::: Information supplied
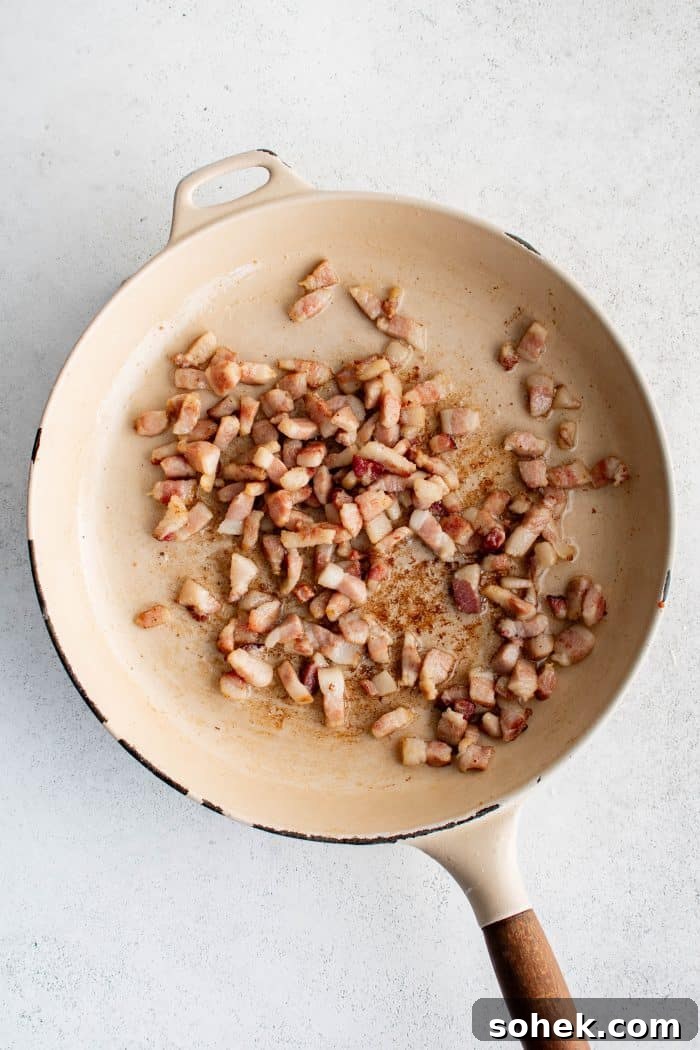 Large pan filled with crispy guanciale with fat rendered.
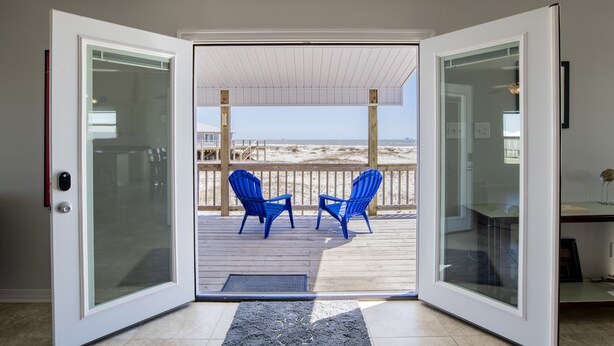 A glass door leading to a deck with two blue chairs and a view of the beach. - Gulf Front - 5BR - 2BA - 120 Steps to Beach! (Dauphin Island)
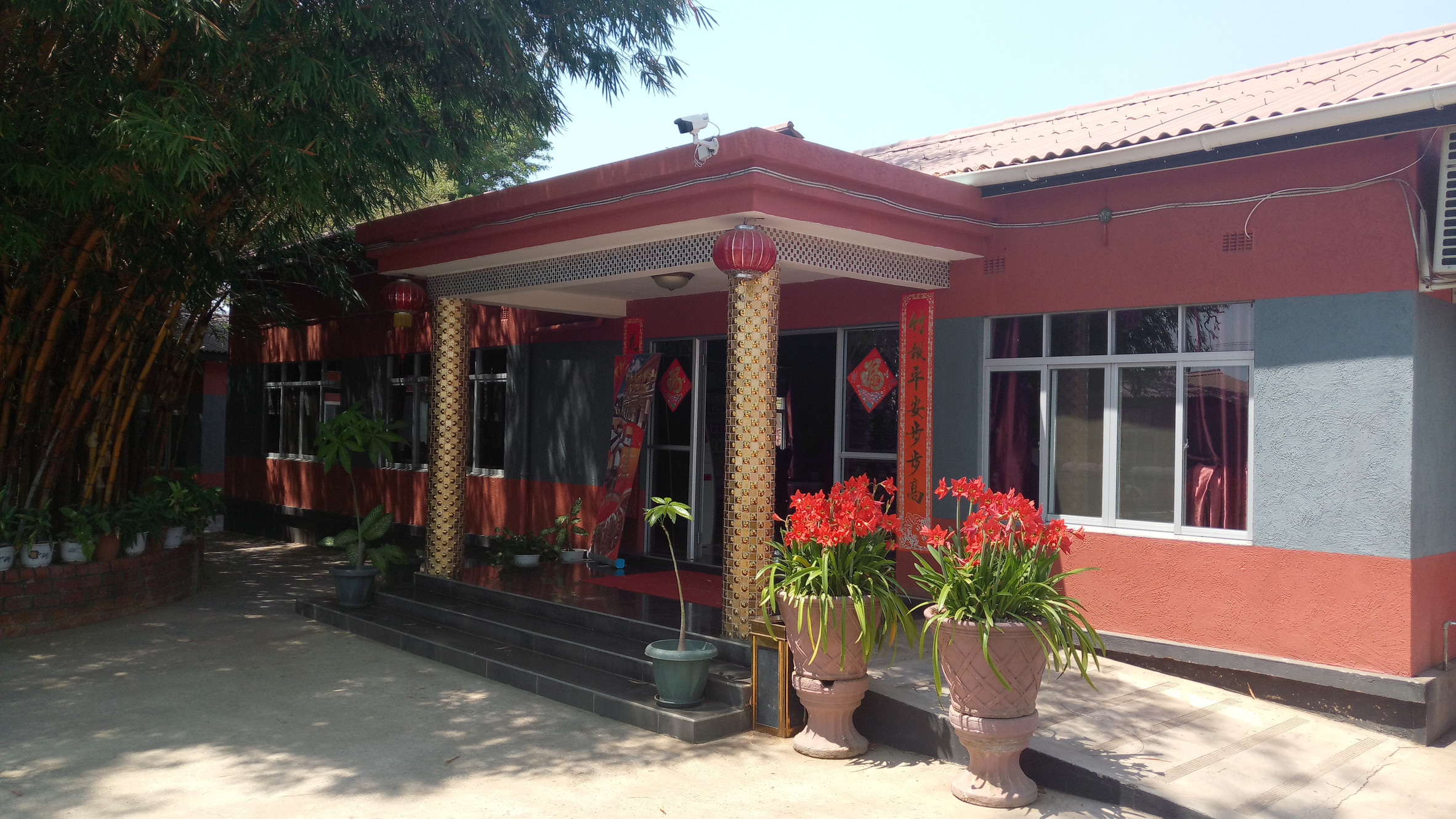 The red-painted entrance frontage of the Red Lantern Hotel in Lusaka, with gold pillars and hanging lanterns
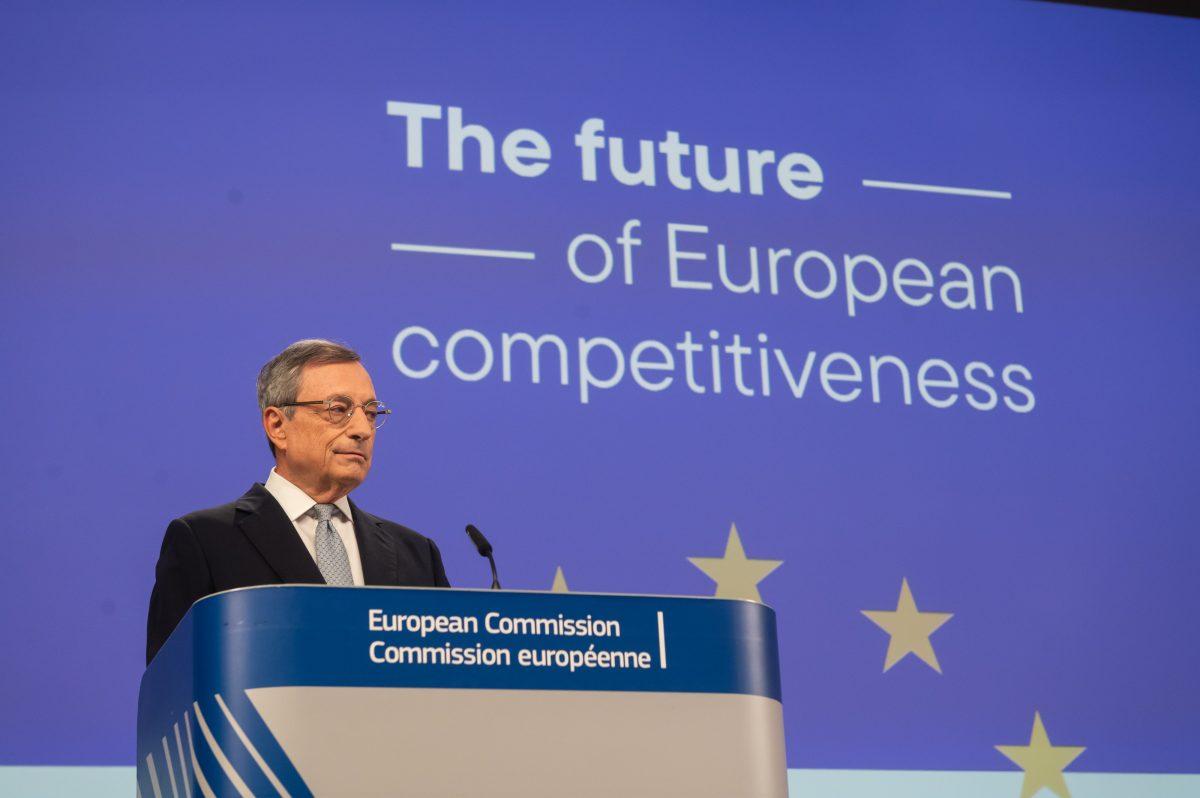 En person står på et podium merket "European Commission" foran et blått bakteppe som leser "The future of European konkurranseevne.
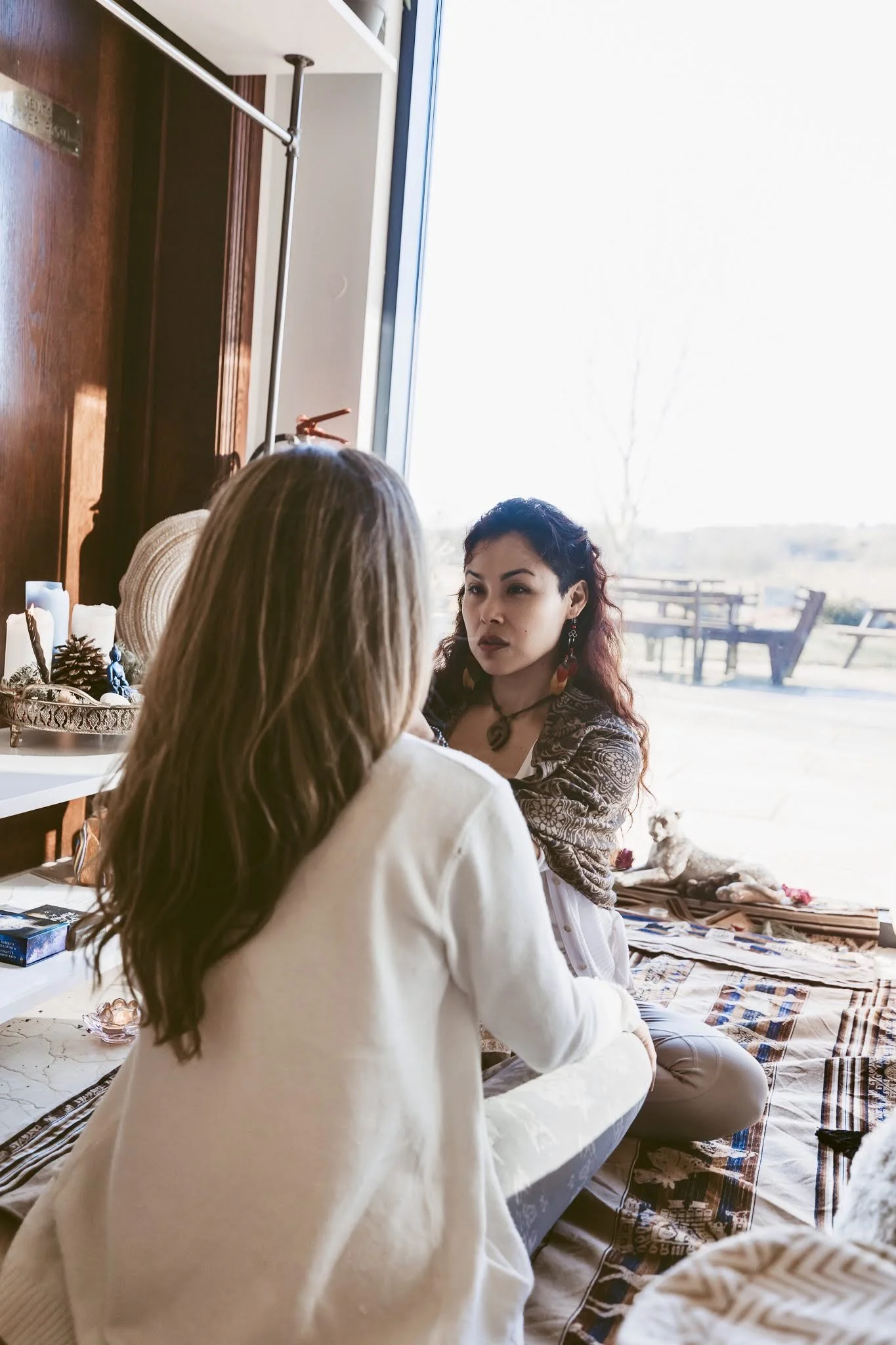 Two women sitting on a blanket inside a room, engaging in a conversation. One woman has long blonde hair, and the other has dark hair with red highlights, wearing jewelry and a patterned shawl. There are decorative items and a dog outside on the pati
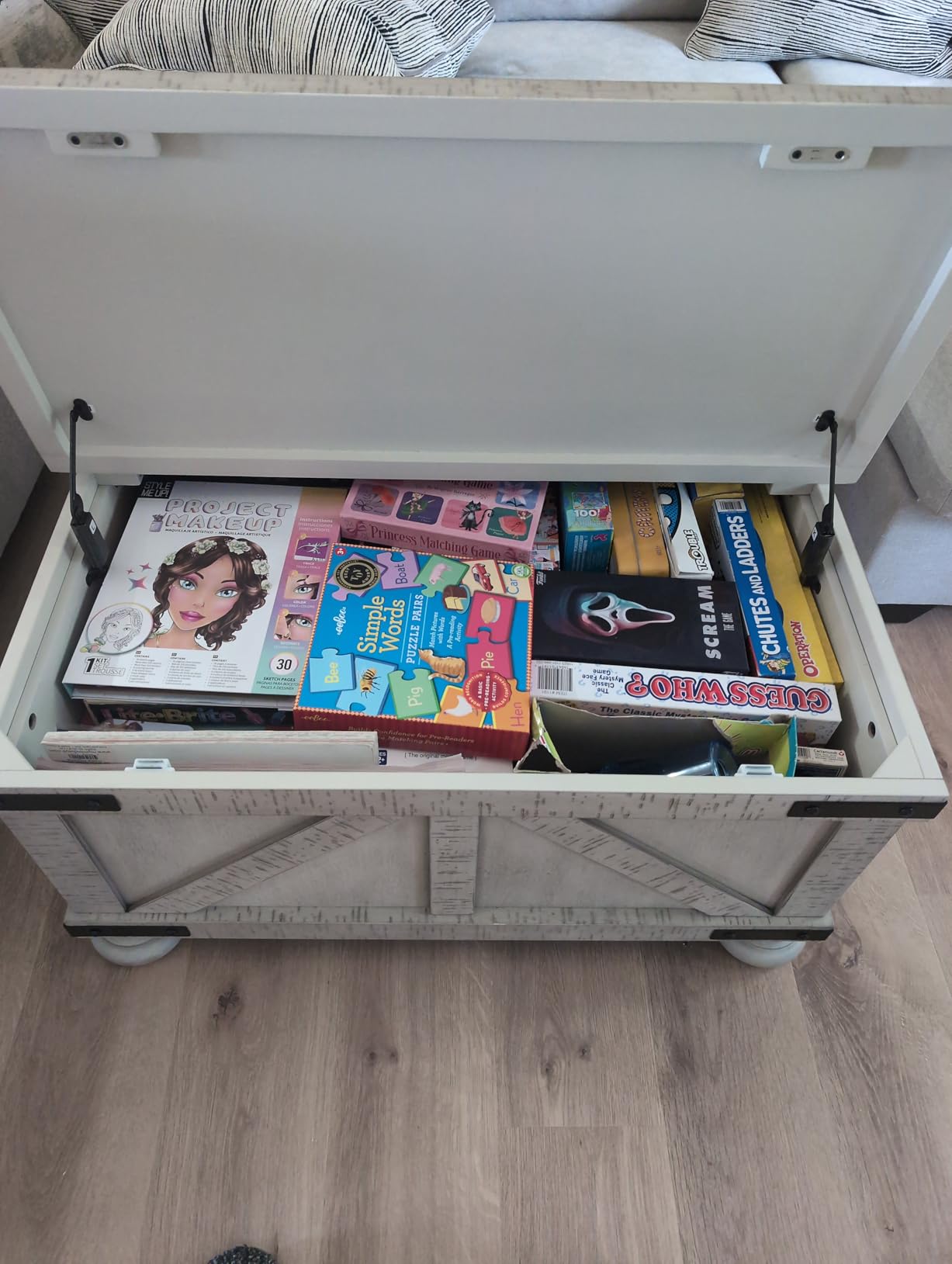 Signature Design by Ashley Coffee Table, Square Farmhouse with Storage | Rustic distressed finish, Lift-top hidden storage, Hidden casters for mobility, Living room use, Carynhurst Series customer photo 1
::::::
Go to the line above that has "A glass door" and copy exactly from there down to the line that has "Two women sitting", both included. Leave the pictures out.

 A glass door leading to a deck with two blue chairs and a view of the beach. - Gulf Front - 5BR - 2BA - 120 Steps to Beach! (Dauphin Island)
 The red-painted entrance frontage of the Red Lantern Hotel in Lusaka, with gold pillars and hanging lanterns
 En person står på et podium merket "European Commission" foran et blått bakteppe som leser "The future of European konkurranseevne.
 Two women sitting on a blanket inside a room, engaging in a conversation. One woman has long blonde hair, and the other has dark hair with red highlights, wearing jewelry and a patterned shawl. There are decorative items and a dog outside on the pati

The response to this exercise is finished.